Tough though to spec a new bike with with Easton Havocs, e*thirteen LG1+ hubs, Hope V4 brakes, leather WTB Vigo saddle, with a Pike and CCDBair dialed for your weight.


----------



## John Kuhl (Dec 10, 2007)

I think the shop you get the bike from matters as much if not more then the
make. A good shop will take care of you one way or another. However my
new Turner Flux is the best trail bike I've ever been on.


----------



## emu26 (Jun 23, 2008)

Build your own. Choose the frame you like then add on what you want and can afford. There are bargains to be had if you are happy to wait for sales / shop around, Yeah Giant are going to be hard to beat on price but doing it youself adds so much to the joy of riding, well it certainly does for me. It also means I know my bike which I think makes it easier to fix things trail side.

I also agree with what John has said, the shop makes a big difference. even though I buy a lot on-line, we get ripped off with middle men down under, I always try and do consumables through my LBS, they also service my wheels. You never know when you are going to need them.

HTH


----------



## Rock (Jan 13, 2004)

Do you guys really consider Santa Cruz a boutique brand? 

They may not sell as much as Trek, but I consider them one of the larger brands. Certainly larger than Cannondale, at least as far as MTB goes.


----------



## Cleared2land (Aug 31, 2012)

Rock said:


> Do you guys really consider Santa Cruz a boutique brand?
> 
> They may not sell as much as Trek, but I consider them one of the larger brands. Certainly larger than Cannondale, at least as far as MTB goes.


Perhaps first we need to define boutique. I think of boutique as one that distinguishes itself from the mass-market by offering specialized products to a somewhat smaller group accentuated by higher prices to accommodate the niche market demands.

In that respect, I feel Santa Cruz is boutique. However, they are expanding into the masses market by riding the wave crest of high-end product brand and name recognition to fill a lower-end entry level vacuum.

They are still a small privately held company run by the original principles that remain actively engaged in the day-to-day operations. Rob Roskopp and Rich Novak founded Santa Cruz Bicycles in 1994. Roskopp and Novak joined forces with Mike Marquez, a bike engineer with particular experience in bicycle suspension, and designer Tom Morris to create some prototype bike models.

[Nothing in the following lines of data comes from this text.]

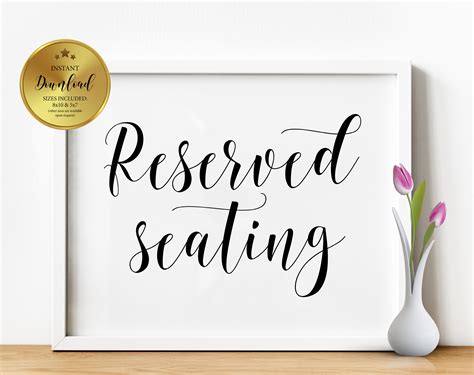 Reserved Seating Signs Template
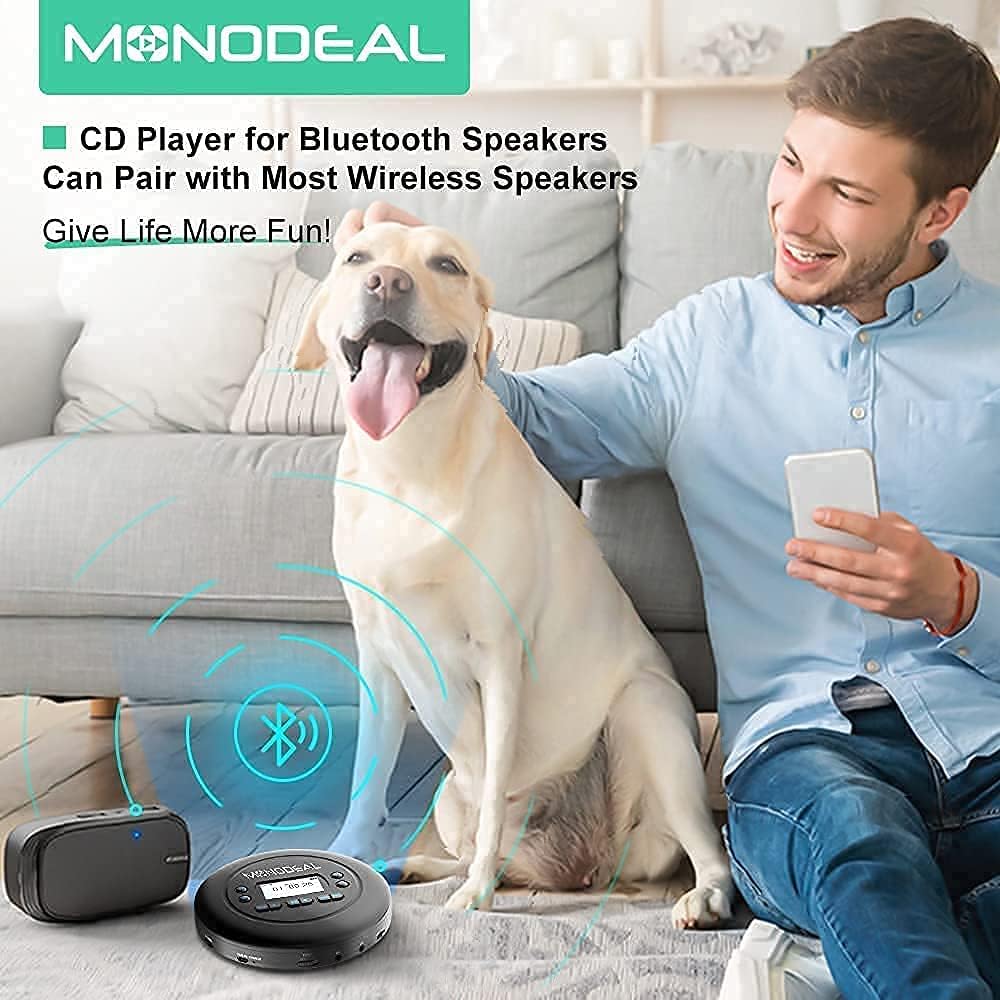 Portable Bluetooth CD Player with Headphones, Pack of 2 Q393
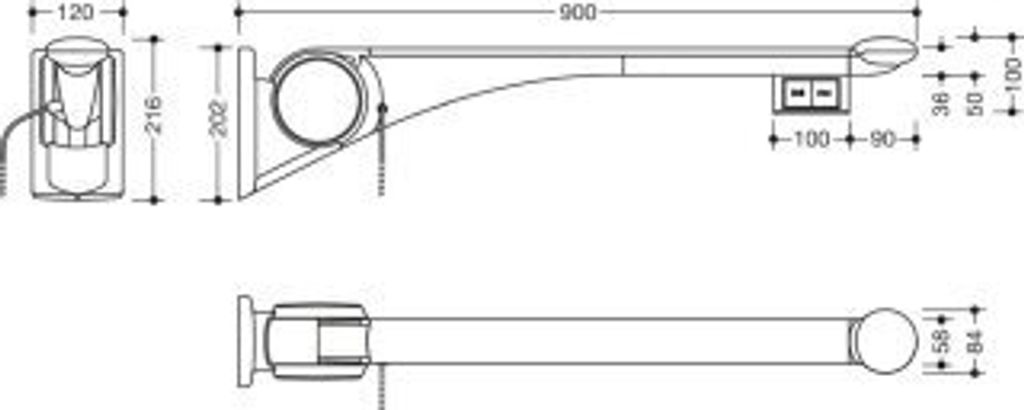 HEWI 802.50.45260 SD Stützklappgriff Premium,900 mm, li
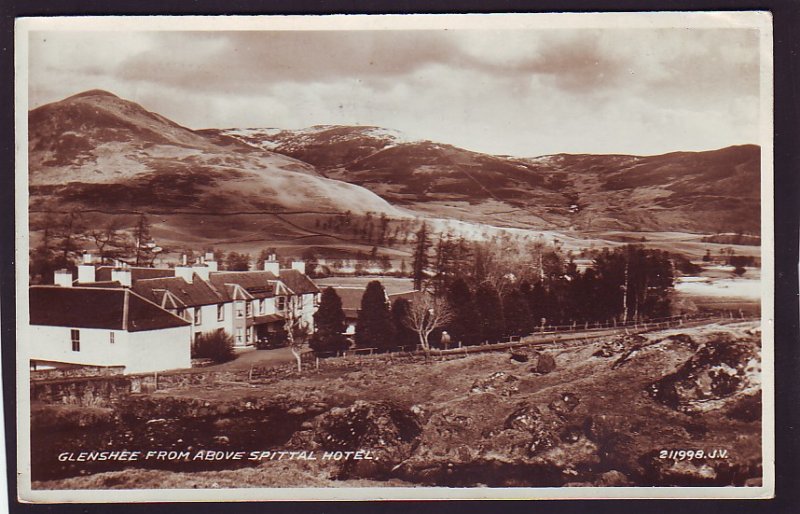 P1451 ca1930,s used RPPC glenshee above spittal hotel, england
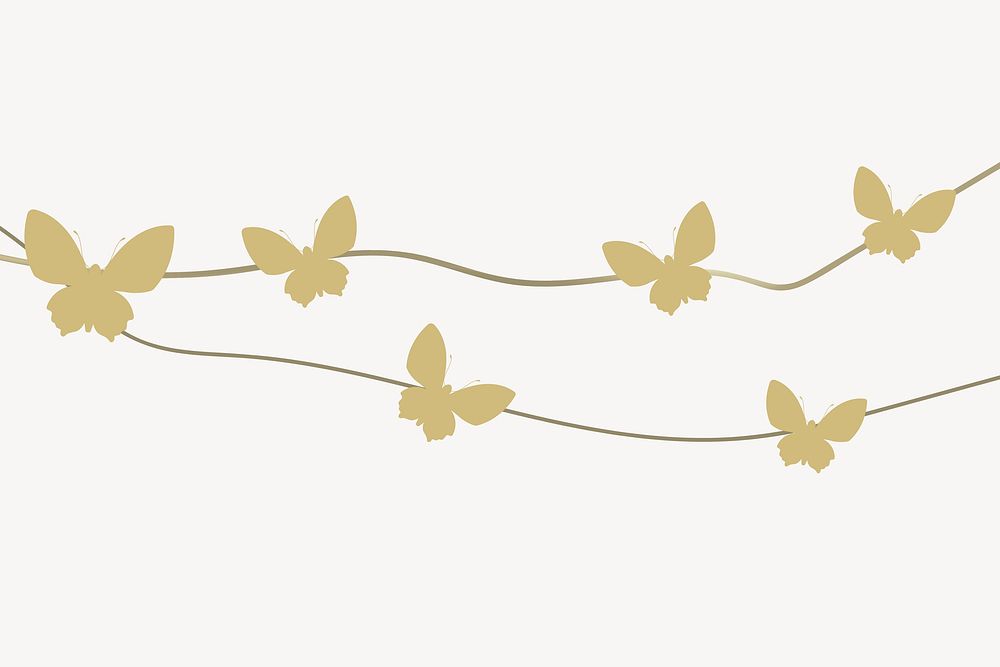 Aesthetic butterfly garland background, gold illustration vector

So perhaps Santa Cruz is slipping beyond the coined term, but I fail to place them in the league of Cannondale or other mega-producers like Trek. They continue to serve and address the mountain bike niche market in innovation and service. Their sales have seen rapid growth and they continue to grow, but maintain that close, grass-roots association to what's going on in real-time mountain biking.

Anyway you look at it, they still provide boutique quality product and service, regardless of the markets they serve.


----------



## ltspd1 (Nov 25, 2007)

I don't know how much you sacrifice by not going "mainstream," but it's my impression that some of the less mainstream brands cited above sometime are sold by smaller shops that put a priority on customer service. At least that's been my experience with my most recent bike purchase, an Intense T275c, which I bought from a small, funky shop that also carries Ibis, Turner, and Foes. The owner treats me like a rock star every time I stop by, and on several occasions has called me just to check in to see how things are going with the bike. This is much different than the other shops I've patronized, and from whom I've bought a variety of $5k bigger brand bikes. Those guys act like they've never seen me before. 

All that said, there's lots of great bikes out there, and you should buy the bike that's best for you from the perspective of fit and how and where you ride, regardless of whether its mainstream or not. Good luck.


----------



## slapheadmofo (Jun 9, 2006)

ltspd1 said:


> All that said, there's lots of great bikes out there, and you should buy the bike that's best for you from the perspective of fit and how and where you ride, regardless of whether its mainstream or not. Good luck.


This.

But if having a truly unique bike is something you like the idea of, the only way to get there is starting with a custom frame, designed and built for one person - you. Hanging parts on an off-the-shelf frame isn't really the same thing. You can put a different steering wheel and gas cap cover on your Honda, but at it's heart, it's still just another Civic.


----------



## Harold (Dec 23, 2003)

Yeah, Santa Cruz may be one of the biggest "boutique" brands out there, but they're no way in Cannondale's league. Cannondale being owned by Dorel, a "sporting goods conglomerate" far bigger than Trek or Specialized or Giant specializes in cheap, mass market bikes you find at box stores. Cannondale is Dorel's "high end" brand, but they're still part of a mega corporation.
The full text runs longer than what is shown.